RequestTimeout = # of milliseconds to wait to find logon token. This is not your friend in SAML Claims. Setting this higher to say, 10 seconds seems to be good. Basically you want to avoid going to local cache as this almost always makes a reauth.
The other thing to consider here is your load balancer. Do you use persistence or not? F5 says to not use persistence for SP2013. Supposedly DC works good enough, of course if it did this blog post wouldn’t exist, nor would the others I linked to. So I caution you that if you don’t user persistence, you better get this right or you could fall into a bad reauth cycle.
The code below only needs to run once. Though it wouldn’t hurt to check that they received the update with the Get command below. Then restart the service on each server.
$timeout = 10000
$maxConnections = [Max # Processors per WFE]
$DLTC = Get-SPDistributedCacheClientSetting -ContainerType DistributedLogonTokenCache
$DLTC.RequestTimeout = $timeout
$DLTC.ChannelOpenTimeOut = $timeout
$DLTC.MaxConnectionsToServer = $maxConnections
Set-SPDistributedCacheClientSetting -ContainerType DistributedLogonTokenCache $DLTC
Get-SPDistributedCacheClientSetting -ContainerType DistributedLogonTokenCache
$DLVSC = Get-SPDistributedCacheClientSetting -ContainerType DistributedViewStateCache
$DLVSC.ChannelOpenTimeOut = $timeout
$DLVSC.RequestTimeout = $timeout
$DLVSC.MaxConnectionsToServer = $maxConnections
Set-SPDistributedCacheClientSetting -ContainerType DistributedViewStateCache -DistributedCacheClientSettings $DLVSC
Get-SPDistributedCacheClientSetting -ContainerType DistributedViewStateCache
# This should run [Restart-Service -Name AppFabricCachingService] on each cache host
Restart-CacheCluster
Don’t use Session Cookies unless you have a documented security reason. Otherwise your users will hate you. You can change it, but I highly suggest you don’t. Now on to more math. MaxServiceTokenCacheItems and MaxLogonTokenCacheItems are in memory tokens given by the SP STS, per server. You want this to match the MaxConnectionsToServer setting if your load balancer is running persistence. If not you might need a higher value. The Service Token is used whenever your user hits the Search Query or other service application service.

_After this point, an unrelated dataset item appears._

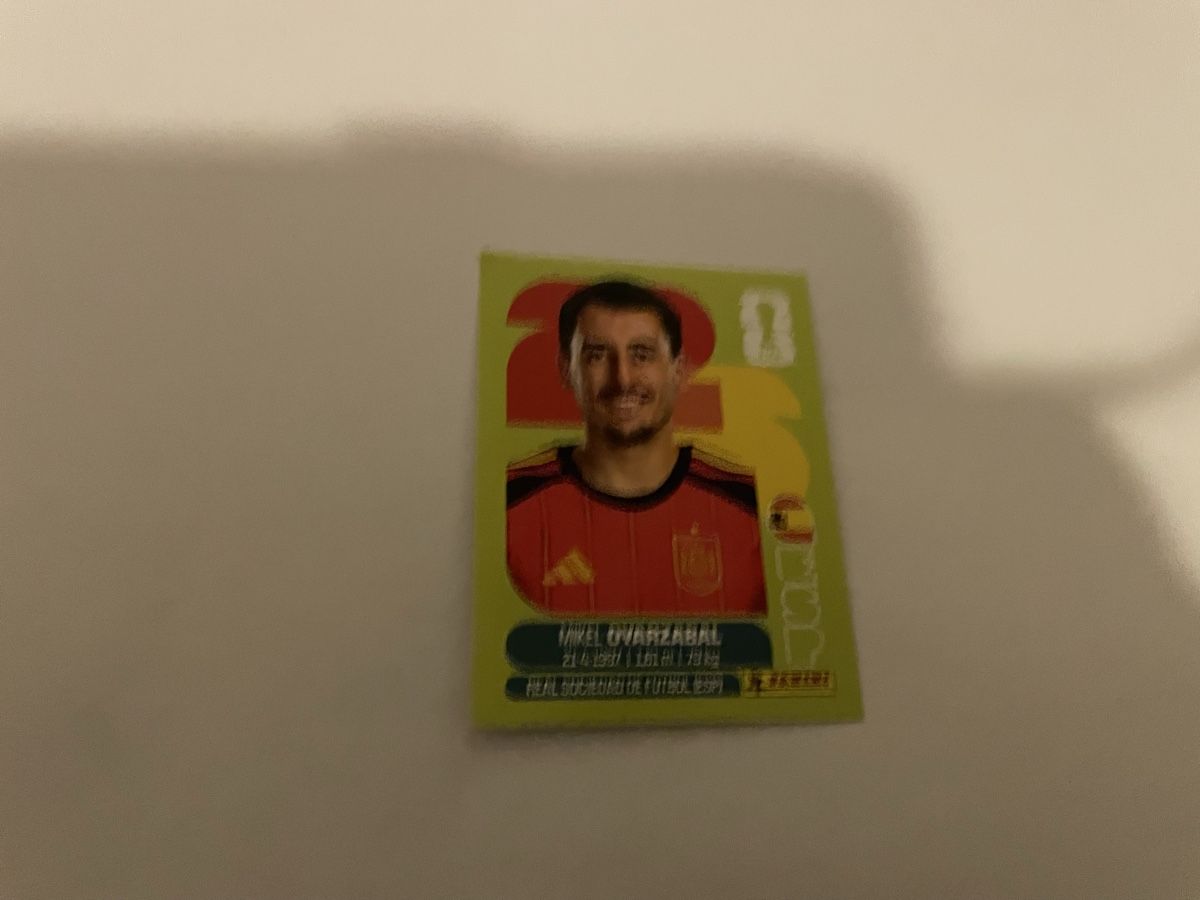 Panini Carte collezionabili: FIFA WM 2026 Mikel Ovarzabal ESP 20 – Nuovo (secondo la descrizione) da Winterthur venduto da Cobraforce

The LogonTokenCacheExpirationWindow is used for sliding sessions. Again more math.
The code below only needs to run once on the farm. However you will need to iisreset each server.

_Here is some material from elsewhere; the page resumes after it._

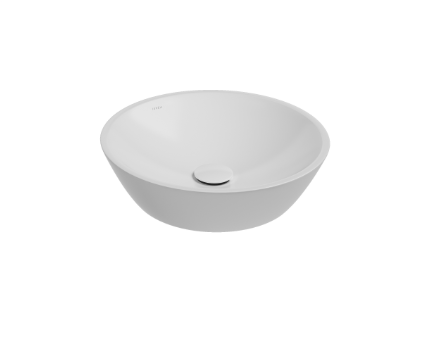 SistemaY Tezgah Üstü Lavabo 45 cm Batarya Deliksiz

$maxTokens = [# of concurrent user / WFEs]
$sts = Get-SPSecurityTokenServiceConfig
$sts.UseSessionCookies = $false
$sts.MaxServiceTokenCacheItems = $maxTokens
$sts.MaxLogonTokenCacheItems = $maxTokens
$sts.LogonTokenCacheExpirationWindow = (New-TimeSpan -second [MATH])
$sts.Update()
iisreset
After I got this all configured and run an 8 hour test, the farm performed great and as we had originally expected. As always your value may very.
Now I need a beer and cigar. Seriously though I hope this helps someone and keeps the frustration down.